The available configuration arguments are: `adaptive`, `adaptive_domain`, `huge_tree`, `keep_comments`, `keep_cdata`, `storage`, and `storage_args`, which are the same ones you give to the [Selector](../parsing/main_classes.md#selector) class. You can display the current configuration anytime by running `<fetcher_class>.display_config()`.
!!! info
The `adaptive` argument is disabled by default; you must enable it to use that feature.
### Set parser config per request
As you probably understand, the logic above for setting the parser config will apply globally to all requests/fetches made through that class, and it's intended for simplicity.
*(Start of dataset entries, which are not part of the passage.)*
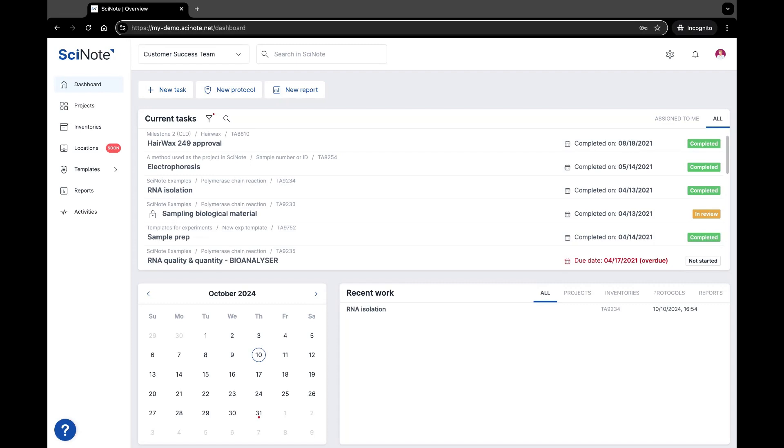How am I able to update and manage my personal account settings within SciNote? From any page in the system, click on your profile icon in the upper right-hand corner.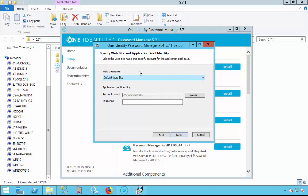The Application Pool account — we recommend that it be a local administrator. It can also be the same account used to run the administration service without any issue. Select Next.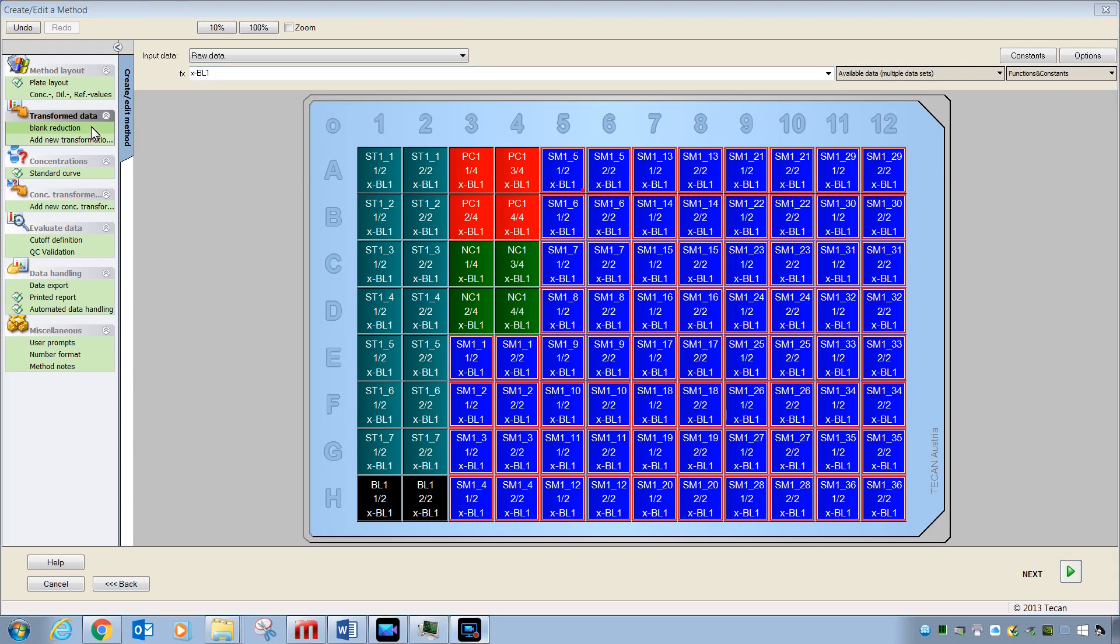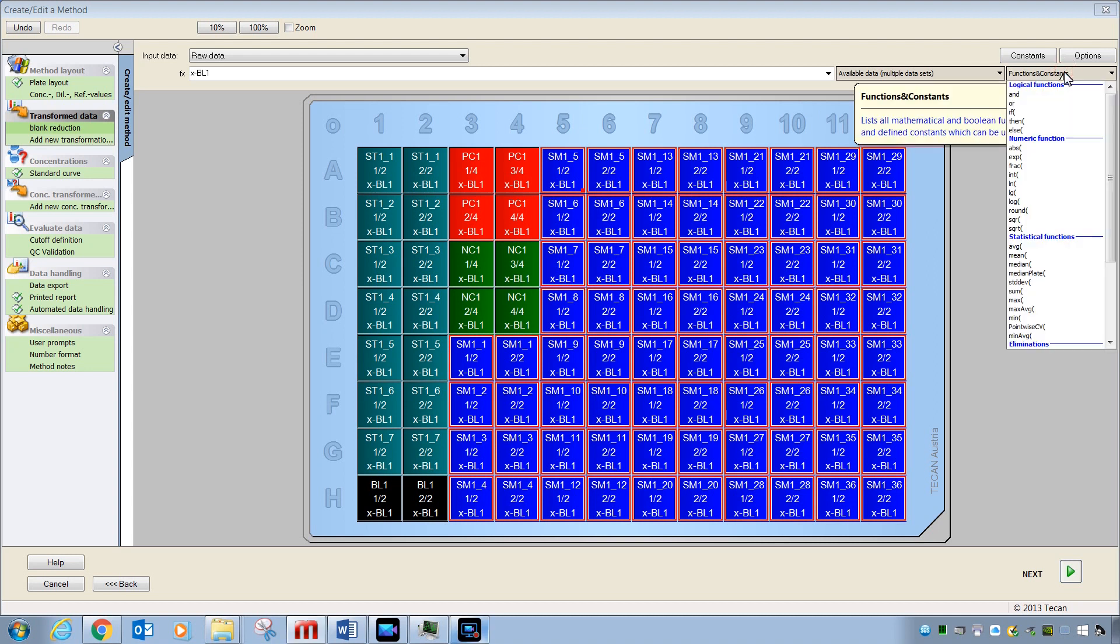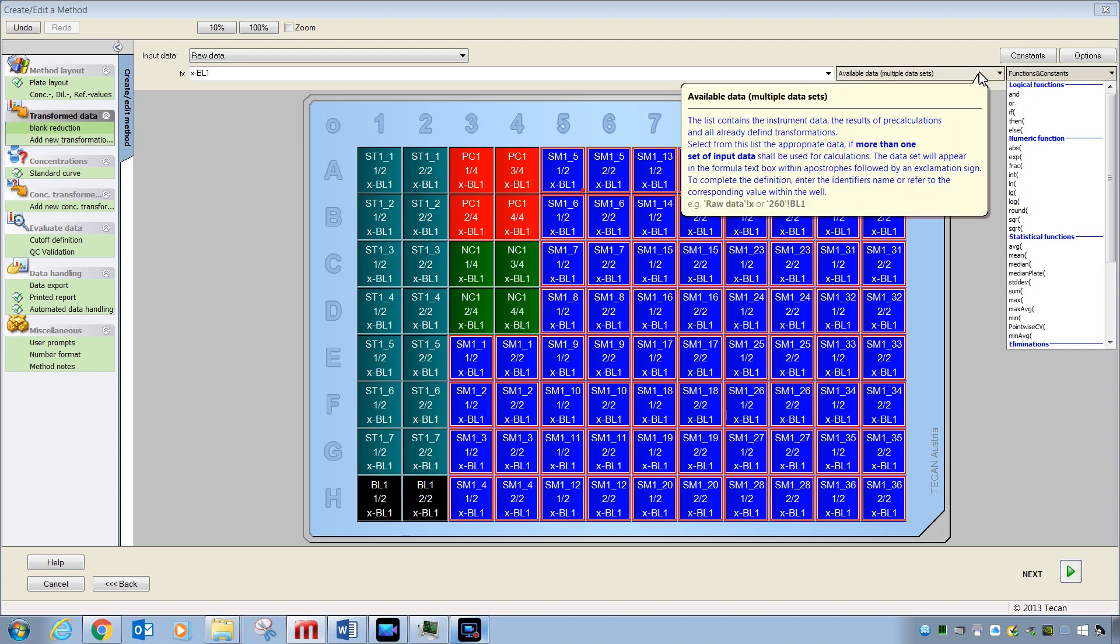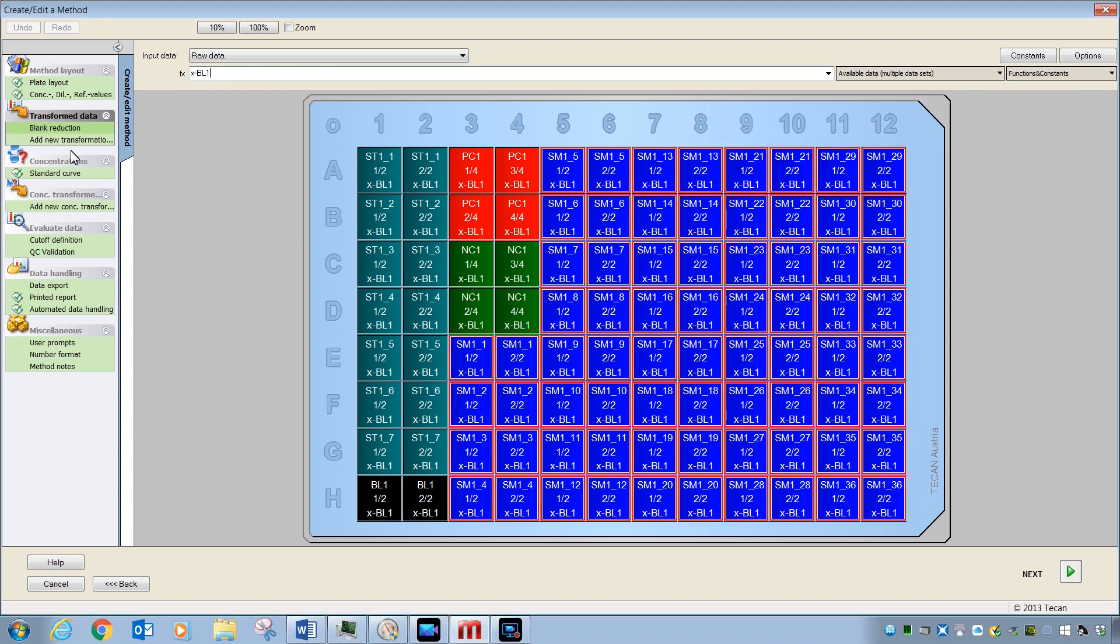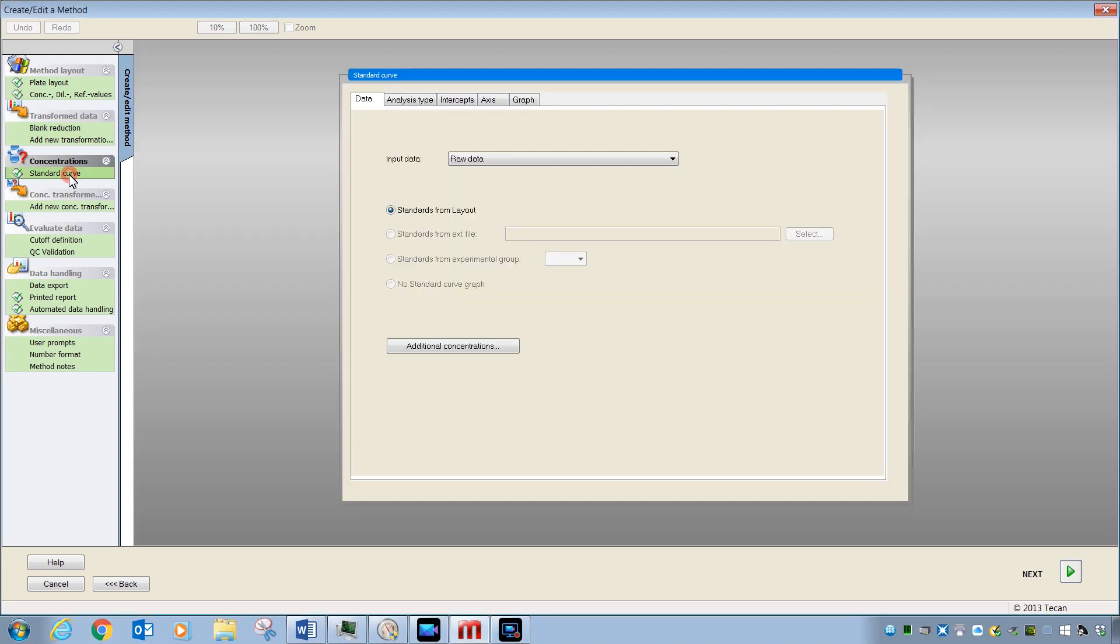If you would like to do some additional data analysis and create your own calculations, Magellan has an extensive selection of different functions and ways for you to create your own custom transformations. To learn more about how to use these abilities, look for other videos on this channel or contact TCAN. We will now move along to the standard curve setup.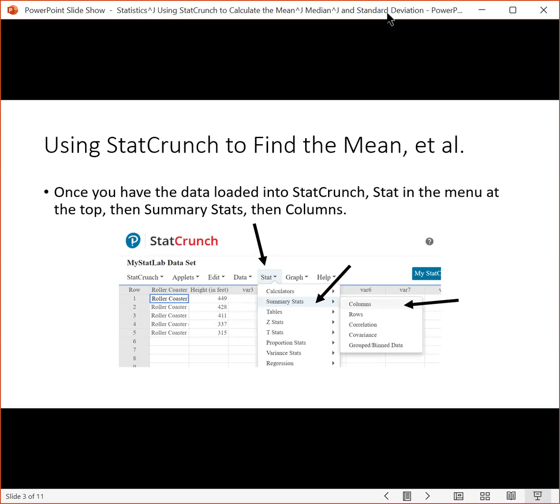Once you have the data loaded into StatCrunch, select Stat in the menu at the top, then Summary Statistics, then Columns.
If your use case requires a different configuration for each request/fetch, you can pass a dictionary to the request method (`fetch`/`get`/`post`/...) to an argument named `selector_config`.
## Response Object
The `Response` object is the same as the [Selector](../parsing/main_classes.md#selector) class, but it has additional details about the response, like response headers, status, cookies, etc., as shown below:
```python
>>> from scrapling.fetchers import Fetcher
>>> page = Fetcher.get('https://example.com')
>>> page.status # HTTP status code
>>> page.reason # Status message
>>> page.cookies # Response cookies as a dictionary
>>> page.headers # Response headers
>>> page.request_headers # Request headers
>>> page.history # Response history of redirections, if any
>>> page.body # Raw response body as bytes
>>> page.encoding # Response encoding
>>> page.meta # Response metadata dictionary (e.g., proxy used). Mainly helpful with the spiders system.
```
All fetchers return the `Response` object.
!!! note
Unlike the [Selector](../parsing/main_classes.md#selector) class, the `Response` class's body is always bytes since v0.4.